In their annual report on international assistance for HIV/AIDS in low- and middle- income countries, the two organizations report that funding fell from US$7.6 billion in 2009 to $6.9 million in 2010. This is the first time funding has dropped in more than a decade of tracking HIV/AIDS spending; between 2002 and 2008, spending rose more than six-fold before levelling off in 2009.

"The slowdown in spending is worrying because it comes at a time when treatment as prevention has been proposed to curb HIV infections, which will require heavy investment," said James Kamau, coordinator of the Kenya Treatment Access Movement.

The report's authors attribute the drop to reductions in development assistance, currency exchange fluctuations and a slowdown in the pace of disbursements from the US government. Seven of 15 governments surveyed - Australia, Germany, the Netherlands, Norway, Spain, Sweden and the US - reported a year-on-year drop in their disbursements as measured in their own currencies.

"The US experienced a slower rate of disbursement in 2010 compared to the prior year, from $4.4 billion in 2009 to $3.7 billion in 2010, despite US enacted levels holding steady," the report states. "The slowdown occurred as a result of additional requirements put in place by Congress in 2008 during reauthorization of the PEPFAR [the President's Emergency Plan for AIDS Relief]."


Photo: IRIN

Despite the slower pace in spending, the US remained the largest donor in the world, accounting for an estimated 54.2 percent of disbursements by governments, followed by the UK at 13 percent, France at 5.8 percent and the Netherlands at 5.1 percent.
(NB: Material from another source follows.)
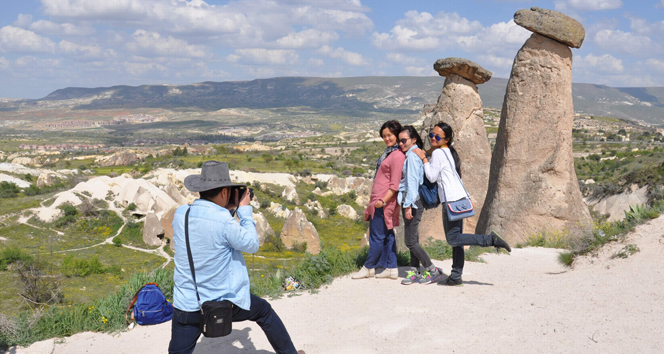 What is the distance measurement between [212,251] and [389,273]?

Germany and Denmark contributed 4.5 percent and 2.5 percent respectively. 

"We recognize that the US is experiencing economic difficulties and so are other major donors; Japan, for instance, was a major donor to the Global Fund [to fight AIDS, Tuberculosis and Malaria] but has had a major natural disaster so needs to divert funds there," Kamau added. "It is therefore time to get our own governments moving to fund their epidemics...PEPFAR is an emergency plan, and not intended to last for ever."

Kamau stressed that African governments needed to abide by the 2001 Abuja Declaration, whereby they committed to spend at least 15 percent of their national budgets on health.